-------- Supplied material --------
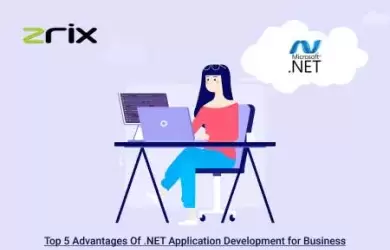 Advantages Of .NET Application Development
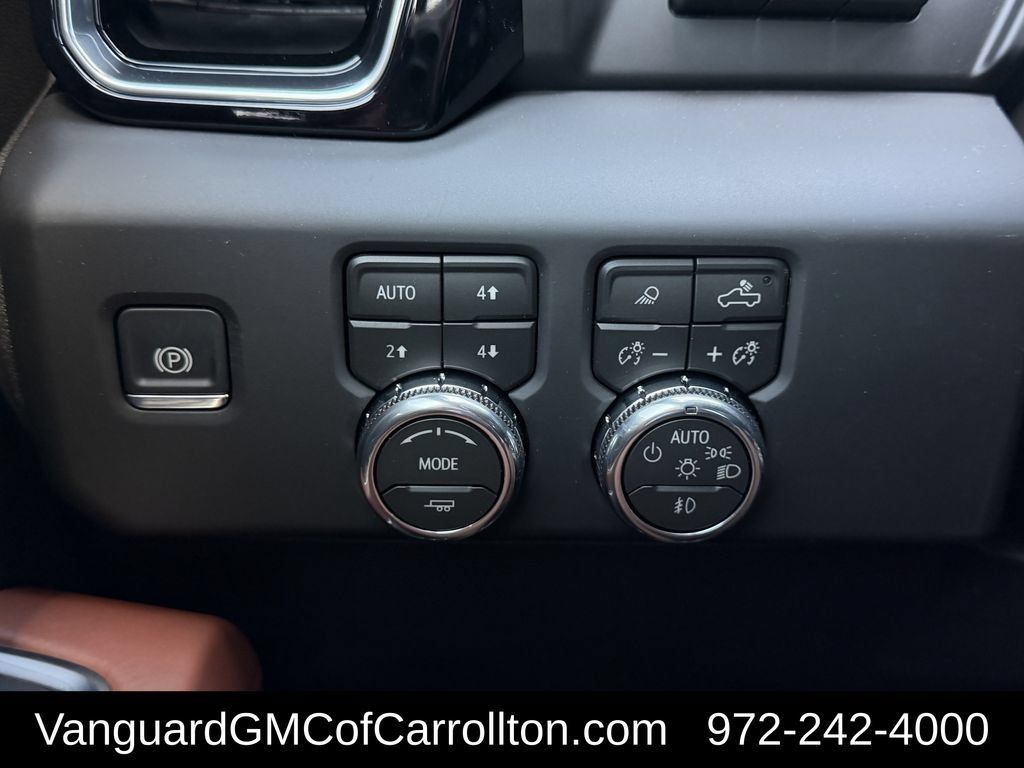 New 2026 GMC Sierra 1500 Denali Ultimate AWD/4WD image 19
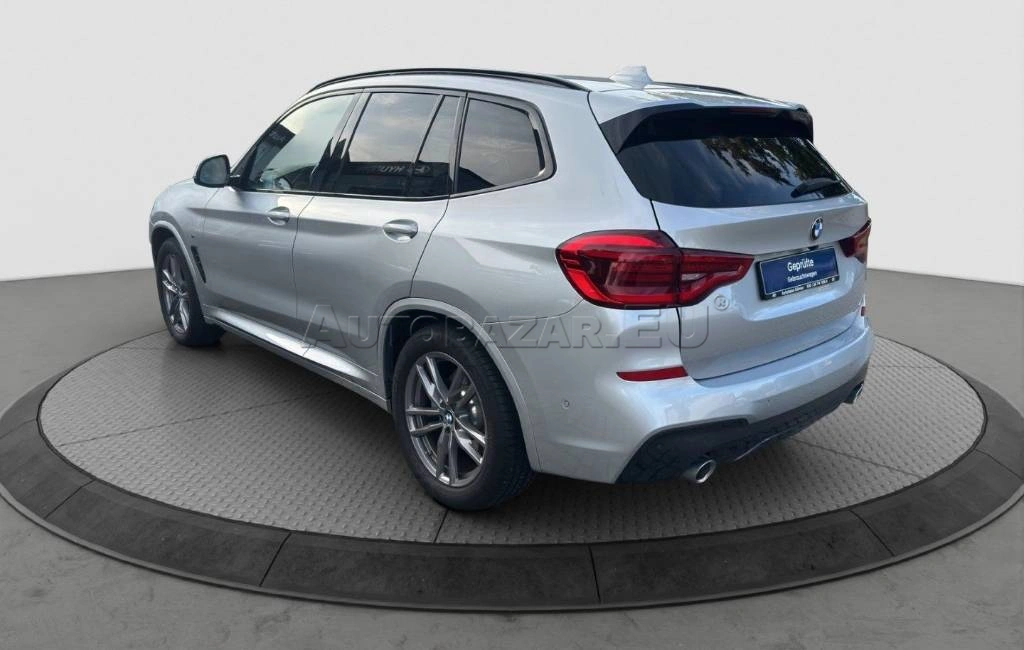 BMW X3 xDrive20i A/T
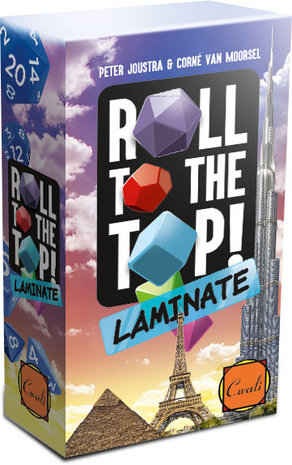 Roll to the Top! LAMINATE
--------
● Task objective
Transcribe the preceding listing in its entirety and with exact wording, leaving out pictures.

● Response
 Advantages Of .NET Application Development
 New 2026 GMC Sierra 1500 Denali Ultimate AWD/4WD image 19
 BMW X3 xDrive20i A/T
 Roll to the Top! LAMINATE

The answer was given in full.